Orthodox Jewish community leaders, part of a culture ‘always two steps behind the mainstream’, are jumping ahead of the curve to to bring sexuality issues, religious freedom and conversion therapy discussions out into the open
This isn’t the plot for a new primetime television show (though maybe it should be), it’s the story of how Orthodox Jews jumped way ahead of the curve and joined the national conversation about LGBT rights, religious freedom, and conversion therapy.
For the first time ever, Orthodox Jewish community leaders of all stripes participated in a full-day conference run by mental health professionals to discuss sexuality issues. The timing couldn’t have been more perfect, as Barack Obama’s call to end LGBT conversion therapy recently reignited the national conversation on the topic.

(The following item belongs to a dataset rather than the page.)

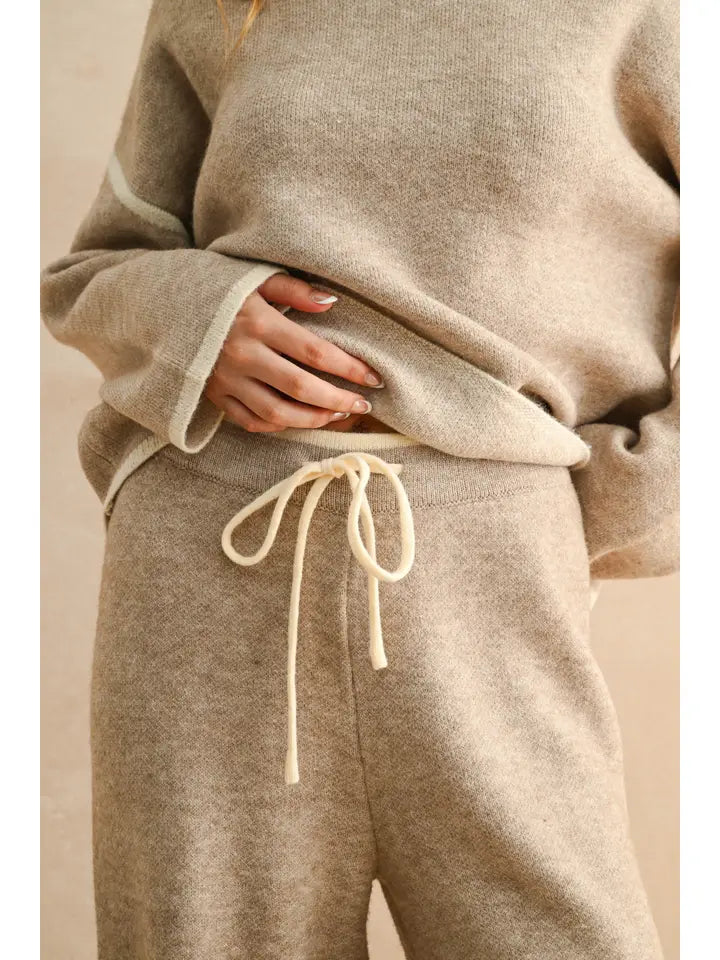 Beige sweater and pants set with a beige background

Entitled Desire, faith, and therapy: Psychoanalytic Perspectives on Sexual Orientation & Gender Identity in the Orthodox Jewish Community, the conference looked to explore topics rarely embraced by the community. “Orthodox culture has always been two steps behind mainstream culture,” said Dr Alison Feit. “Culture is shifting.”
Chaim Levin, a 25-year-old gay Jew, said: “If such a conference would have taken place eight years ago before I went to conversion therapy, then maybe I would’ve been spared.”